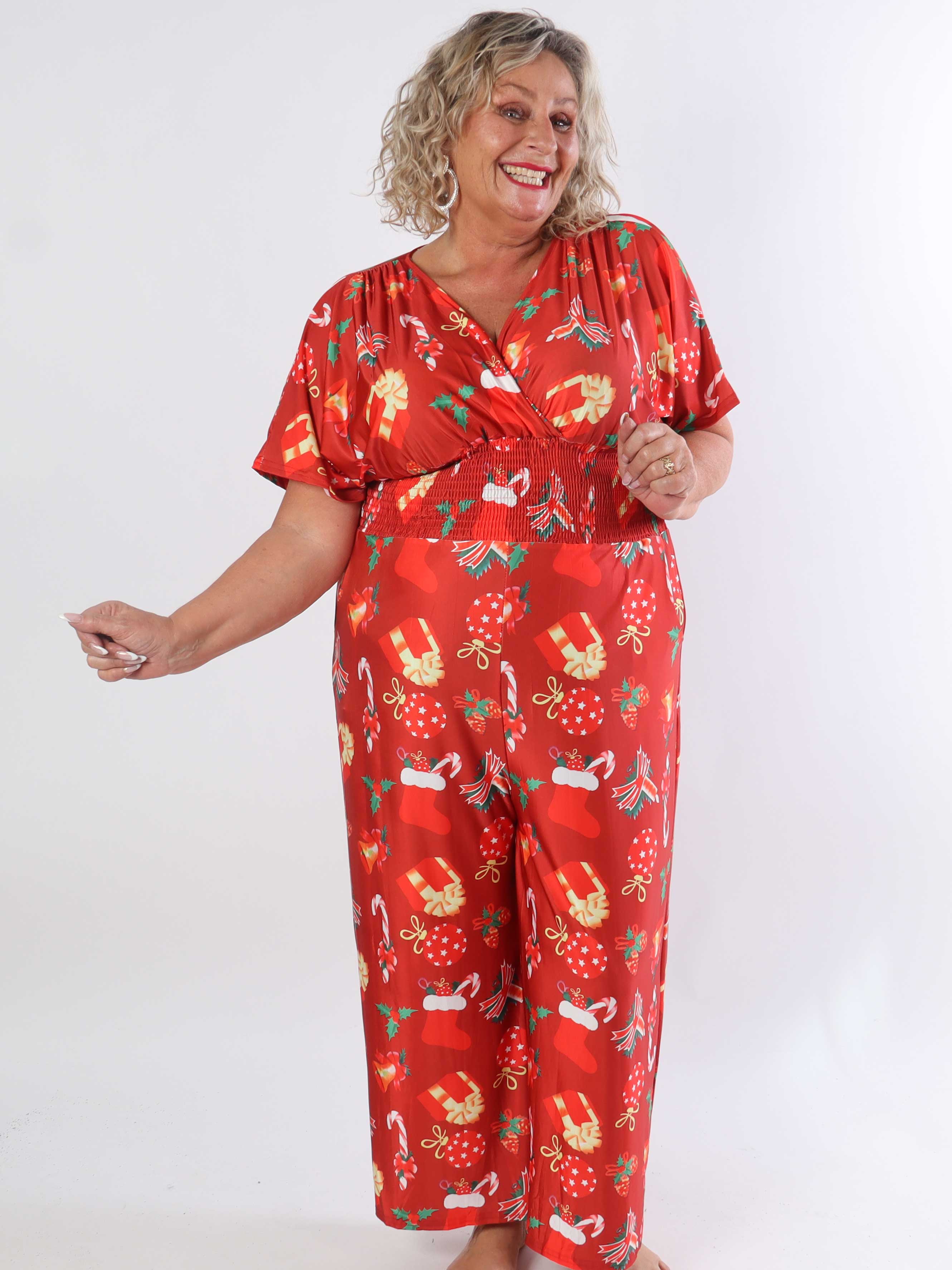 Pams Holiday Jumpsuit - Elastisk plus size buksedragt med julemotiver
----
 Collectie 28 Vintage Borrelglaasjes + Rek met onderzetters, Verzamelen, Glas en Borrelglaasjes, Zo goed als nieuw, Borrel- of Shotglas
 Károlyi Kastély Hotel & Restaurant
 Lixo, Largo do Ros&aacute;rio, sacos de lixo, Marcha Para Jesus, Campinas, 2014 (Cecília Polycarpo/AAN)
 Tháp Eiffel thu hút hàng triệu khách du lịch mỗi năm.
----
From the material above, copy exactly the lines between the line holding "Collectie 28 Vintage" and the line holding "Tháp Eiffel thu", inclusive, and only those.

--- Exercise result ---
 Collectie 28 Vintage Borrelglaasjes + Rek met onderzetters, Verzamelen, Glas en Borrelglaasjes, Zo goed als nieuw, Borrel- of Shotglas
 Károlyi Kastély Hotel & Restaurant
 Lixo, Largo do Ros&aacute;rio, sacos de lixo, Marcha Para Jesus, Campinas, 2014 (Cecília Polycarpo/AAN)
 Tháp Eiffel thu hút hàng triệu khách du lịch mỗi năm.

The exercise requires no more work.